CLiPS Stylometry Investigation (CSI) Corpus

Creative Commons License

CLiPS Research Center, University of Antwerp
Ben Verhoeven, Walter Daelemans


The CSI corpus is a yearly expanded corpus of student texts in two genres: essays and reviews. The purpose of this corpus lies primarily in stylometric research, but other applications are possible. There is a vast amount of meta-data available, both on the author (gender, age, sexual orientation, region of origin, personality profile) and on the document (timestamp, genre, veracity, sentiment, grade).

The current version of the corpus was assembled in October 2015. Previous versions of the corpus are available from the authors via e-mail request.


We would like to express our gratitude to Katrien Verreyken, Shanti Verellen, Sarah Van Hoof, Dominiek Sandra and Reinhild Vandekerckhove (University of Antwerp) for their help in collecting all the data.

This corpus was constructed within the framework of the AMiCA project, funded by the Flemish Agency for Innovation through Science and Technology (IWT).
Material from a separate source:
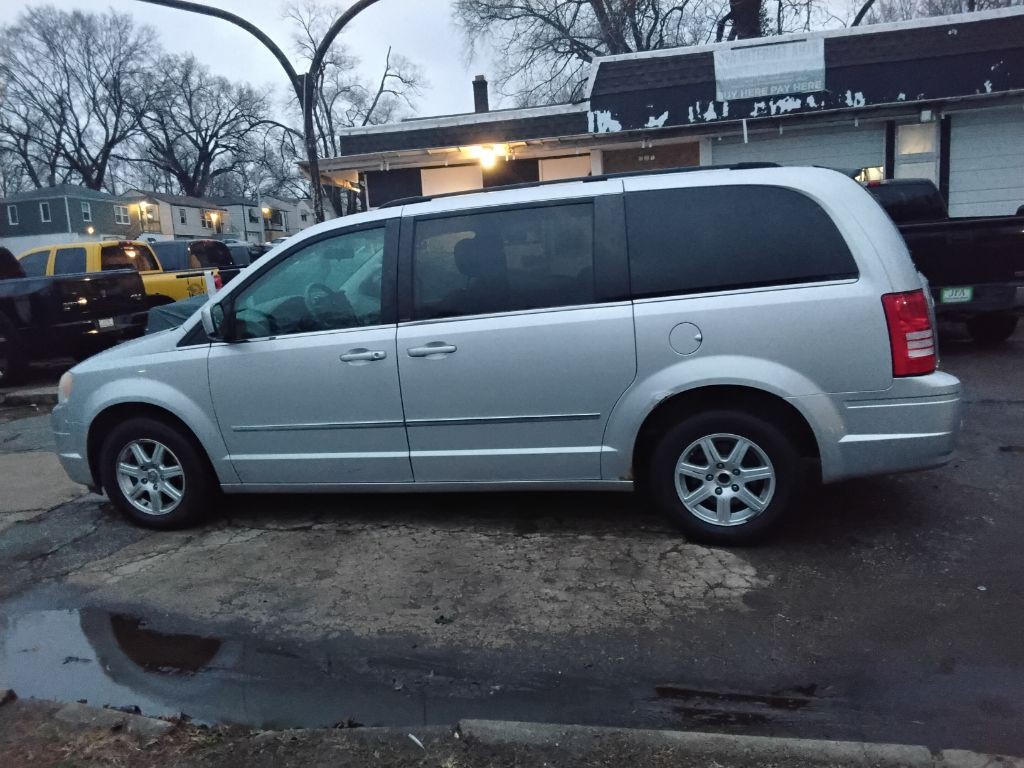 2010 Chrysler Town & Country Image 3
If you use this dataset in your research, make sure to cite the following paper:

Verhoeven, Ben & Daelemans Walter. (2014) CLiPS Stylometry Investigation (CSI) corpus: A Dutch corpus for the detection of age, gender, personality, sentiment and deception in text. In: Proceedings of the 9th International Conference on Language Resources and Evaluation (LREC 2014). Reykjavik, Iceland.